Bonakdar agreed pointing out the company has added plexiglass to the slots and table games and is actively looking for additional areas to add it.
“At this point in time plexiglass is definitely something that you can’t go without, but surprisingly at our casino people adapted fairly quickly. It perhaps looks a little more difficult, and more uncomfortable, but at the same time we’re not getting lot of complaints. I think people are coming and playing without any issues,” he said, acknowledging there can be some “minor sound issues” but those can be worked around through hand signals.
Bonakdar did, however, acknowledge that the issues surrounding night life and entertainment at the casinos are anything but minor, particularly when it comes to the property’s event center.
“It’s very disappointing that we can’t do anything right now. There were a lot of large acts we had to reschedule. We are looking at smaller acts as we go forward, more emcees on the casino floor. We started that way without the larger shows just having people that can entertain people on the casino floor and have a nice promotional experience and spin to it,” he said.
Bonakdar added of larger events, “it will take a little more time for us, probably going into 2021 before anything like that happens.”
O’Connell added the company is looking at hosting smaller events like concerts and comedians in October reducing capacity from 4,000 to 1,100 seats. “We’re dipping our toe, we’re being very careful in these types of amenities we’re offering and we’ll see how it goes. We always have a good plan in place and we’ll make sure guests continue to be safe but are able to enjoy different things,” he said.
Garvey, meanwhile, elaborated on how the food & beverage experience has changed noting some positive economic trends despite the reduced seating capacity for social distancing.
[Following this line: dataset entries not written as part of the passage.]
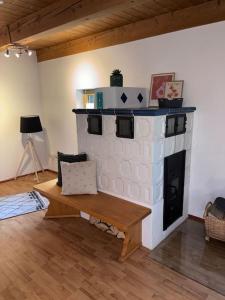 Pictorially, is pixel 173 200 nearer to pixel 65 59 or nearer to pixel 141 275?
pixel 141 275

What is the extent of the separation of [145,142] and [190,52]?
3.96 ft

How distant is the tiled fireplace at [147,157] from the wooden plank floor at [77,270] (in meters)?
0.39

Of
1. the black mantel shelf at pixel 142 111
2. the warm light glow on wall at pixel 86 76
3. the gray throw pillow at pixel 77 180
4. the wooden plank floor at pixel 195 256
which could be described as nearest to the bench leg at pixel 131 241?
the wooden plank floor at pixel 195 256

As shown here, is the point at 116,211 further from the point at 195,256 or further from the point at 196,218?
the point at 196,218

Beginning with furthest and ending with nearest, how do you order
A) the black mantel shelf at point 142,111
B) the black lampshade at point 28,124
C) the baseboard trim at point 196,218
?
the black lampshade at point 28,124, the baseboard trim at point 196,218, the black mantel shelf at point 142,111

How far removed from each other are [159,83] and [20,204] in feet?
8.32

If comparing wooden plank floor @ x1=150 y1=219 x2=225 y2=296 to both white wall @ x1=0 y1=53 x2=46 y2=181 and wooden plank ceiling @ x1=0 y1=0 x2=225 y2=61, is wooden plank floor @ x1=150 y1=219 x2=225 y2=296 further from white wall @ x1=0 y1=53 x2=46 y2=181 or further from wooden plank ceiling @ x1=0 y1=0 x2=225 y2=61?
white wall @ x1=0 y1=53 x2=46 y2=181

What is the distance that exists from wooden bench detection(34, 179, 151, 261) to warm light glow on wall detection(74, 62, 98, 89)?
70.4 inches

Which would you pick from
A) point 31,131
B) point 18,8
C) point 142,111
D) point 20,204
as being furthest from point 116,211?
point 31,131

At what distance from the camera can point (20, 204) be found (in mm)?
3424

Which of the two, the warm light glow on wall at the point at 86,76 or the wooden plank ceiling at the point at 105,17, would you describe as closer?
the wooden plank ceiling at the point at 105,17

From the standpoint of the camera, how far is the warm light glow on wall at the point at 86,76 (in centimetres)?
367

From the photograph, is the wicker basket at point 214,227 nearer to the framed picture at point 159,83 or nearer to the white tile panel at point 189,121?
the white tile panel at point 189,121

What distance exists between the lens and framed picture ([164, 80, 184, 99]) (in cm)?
273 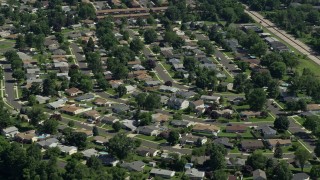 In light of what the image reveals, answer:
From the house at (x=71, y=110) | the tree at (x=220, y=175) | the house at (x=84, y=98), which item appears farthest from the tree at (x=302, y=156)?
the house at (x=84, y=98)

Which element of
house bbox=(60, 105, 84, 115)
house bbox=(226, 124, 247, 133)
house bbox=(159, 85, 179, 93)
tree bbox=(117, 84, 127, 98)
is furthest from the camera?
house bbox=(159, 85, 179, 93)

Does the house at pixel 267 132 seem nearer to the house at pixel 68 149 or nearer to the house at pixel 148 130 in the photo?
the house at pixel 148 130

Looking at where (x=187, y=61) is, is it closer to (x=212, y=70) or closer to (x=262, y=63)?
(x=212, y=70)

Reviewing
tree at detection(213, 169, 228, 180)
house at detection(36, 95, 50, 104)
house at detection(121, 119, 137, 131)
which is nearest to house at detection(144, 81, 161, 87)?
house at detection(121, 119, 137, 131)

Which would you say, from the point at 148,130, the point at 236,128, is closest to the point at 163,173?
the point at 148,130

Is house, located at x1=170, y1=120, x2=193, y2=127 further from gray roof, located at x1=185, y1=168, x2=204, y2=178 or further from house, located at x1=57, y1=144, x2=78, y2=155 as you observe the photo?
house, located at x1=57, y1=144, x2=78, y2=155

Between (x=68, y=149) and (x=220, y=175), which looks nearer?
(x=220, y=175)

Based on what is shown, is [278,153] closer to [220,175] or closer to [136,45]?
[220,175] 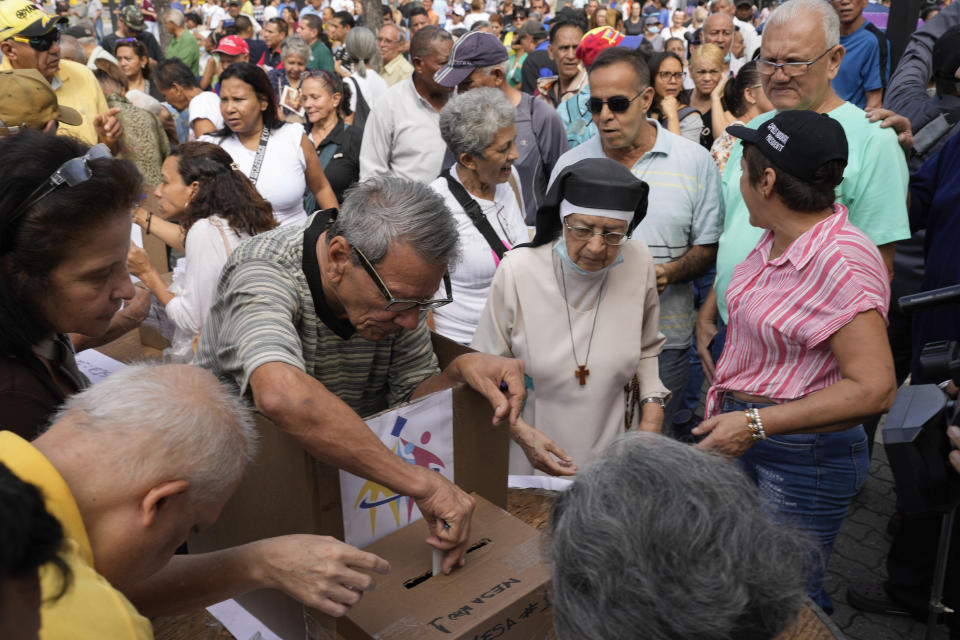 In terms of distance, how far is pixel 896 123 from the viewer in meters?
2.77

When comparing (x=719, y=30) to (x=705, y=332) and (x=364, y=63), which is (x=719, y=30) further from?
(x=705, y=332)

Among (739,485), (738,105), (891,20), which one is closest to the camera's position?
(739,485)

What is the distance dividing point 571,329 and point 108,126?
3.15 metres

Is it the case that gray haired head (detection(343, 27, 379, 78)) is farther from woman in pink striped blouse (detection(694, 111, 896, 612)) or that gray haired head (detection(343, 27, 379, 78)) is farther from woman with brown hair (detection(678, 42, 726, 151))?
woman in pink striped blouse (detection(694, 111, 896, 612))

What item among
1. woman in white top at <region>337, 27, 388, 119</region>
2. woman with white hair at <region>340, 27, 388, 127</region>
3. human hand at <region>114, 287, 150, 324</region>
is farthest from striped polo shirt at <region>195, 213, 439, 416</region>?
woman in white top at <region>337, 27, 388, 119</region>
“Our check average is up, I think people are spending a little more. They’re willing to buy a better meal,” he said, adding that the company’s capture rate of guests staying at the hotel has actually improved as well.
Garvey also referenced a more simplified approach.
“We’ve also taken advantage of shrinking our menus. We wanted to do that over the course of time and now the guests are more receptive. They’re okay with the offerings versus pre-COVID where they wanted everything under the sun and we tried to deliver,” he noted.
Gandel elaborated on capital expenditures for its portfolio and the increased focus on equipment “more in sanitation realm” and the overall economic impact.
“We’re focused on buying more of different items and we’re looking at things like UV technology for housekeeping…The UV technology has quite a price tag on it. When you’re looking at outfitting a couple of 500-room hotels with UV technology that’s a huge expense,” she said.
Gandel further added, “it’s a shift [of focus], the capital projects we were working on we’re still working on that but they’re not in the forefront.”